Caroline stepped back as abruptly as if she’d been slapped. Her hand tingled, unnervingly, against her side. Michael’s warm hazel eyes were wide and startled in his lean face.
“Forgive me,” Caroline said. She winced at the sound of her voice, husky and unfamiliar, as if it belonged to someone else. A weakling. Steeling herself, she brought it under control. “I am in no state for company, I’m afraid.”
She broke away from Michael’s gaze, forcing a thin smile. “Not even the company of such old … friends.” He was standing between her and the stairs up to her apartment. Worse yet, he was looking at her as if he knew her. As if she was still Karolina instead of Caroline … and as if he actually cared.
She had to escape. “Move aside, please, Prince Kalishnikoff.”
He didn’t move. Instead, he asked softly, “What happened to you all those years ago? After the fire, after—”
She shook her head tightly, refusing to meet his gaze. “That can have no significance for you.”
“Orphanag
es can be … harsh. I’ve heard—”
She laughed, and almost choked on it. “Have no fear, then, Prince Kalishnikoff. I wasn’t in an orphanage.” No orphanage locked its charges in tiny rooms to be food for monsters.
And now, to willingly repeat it again …
“Karolina.” Michael caught her wrist, his grip warm and compelling. “What’s amiss? You can tell me.”
“Oh, yes, indeed. Of course I can. After all, how could I possibly fail to trust you, of all people?” The impulse to bitter laughter subsided into sheer exhaustion. Caroline looked up and met his eyes, only inches away, with a flat, impenetrable stare. “Release me,” she said with icy clarity. “Now.”
His hand fell away. As light from the windows faded, shadows flung themselves across the narrow stairwell and cast his face into darkness. Caroline was glad that she couldn’t see it clearly.
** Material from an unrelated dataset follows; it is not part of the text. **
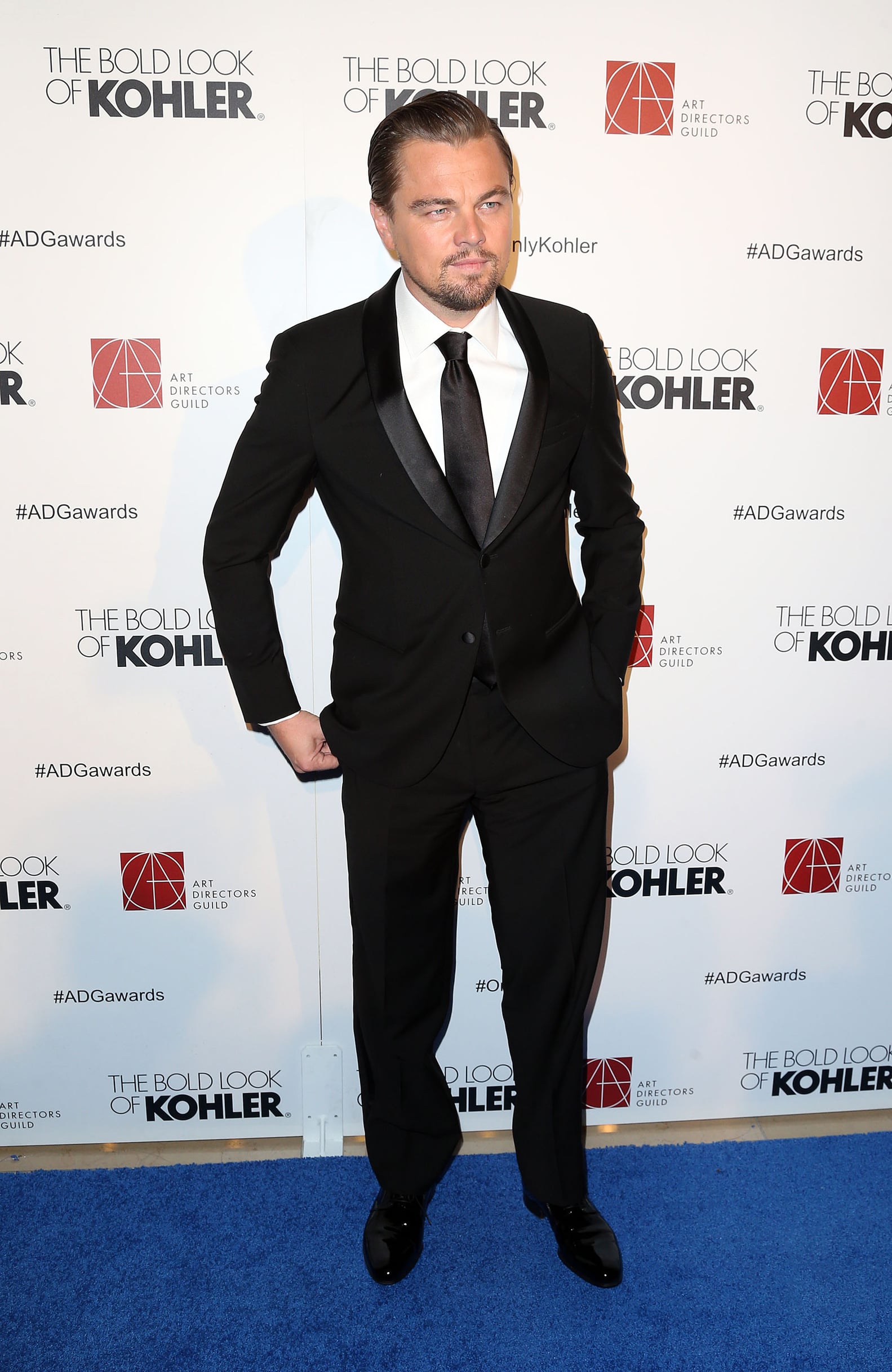 PREMI E RICONOSCIMENTI DI LEONARDO DICAPRIO visual data 3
“Enjoy your evening,” she said briskly, as she might have spoken to a stranger. “Do you go tonight to a ball, or to the theater, or—”
He shifted aside to let her past. “I’ve been invited to the Hôtel de Ligne for supper and an evening party. As have you, I believe. If—”
“Pray convey my apologies,” Caroline said as she brushed past him. She picked up the skirts of her pelisse and dress, the better to run the rest of the way up the stairs. It was a cowardly maneuver, but then, at heart, she was a coward. “I have a previous engagement.”
That evening, at a quarter past six, Peter abandoned the stage of the Theater an der Wien at long last. He’d instructed every stagehand twice and insisted on hearing back their catechism of orders for the evening’s performance. He’d inspected the stage from every angle of the audience, gauging half a dozen last-minute adjustments that needed to be made to their flexible touring set. He’d tested every floorboard on the wooden stage itself.
It was time. Peter slipped down the narrow corridor that led to the back entrance. High and increasingly aggravated voices floated out through the closed door of the dressing room that Marta and Josephine shared; thank Heaven for his urgent appointment, which called him away from such volatile territory. A grin twitched Peter’s mouth at the thought. He hurried past, lest his footsteps be heard and he be called in to settle some new dispute.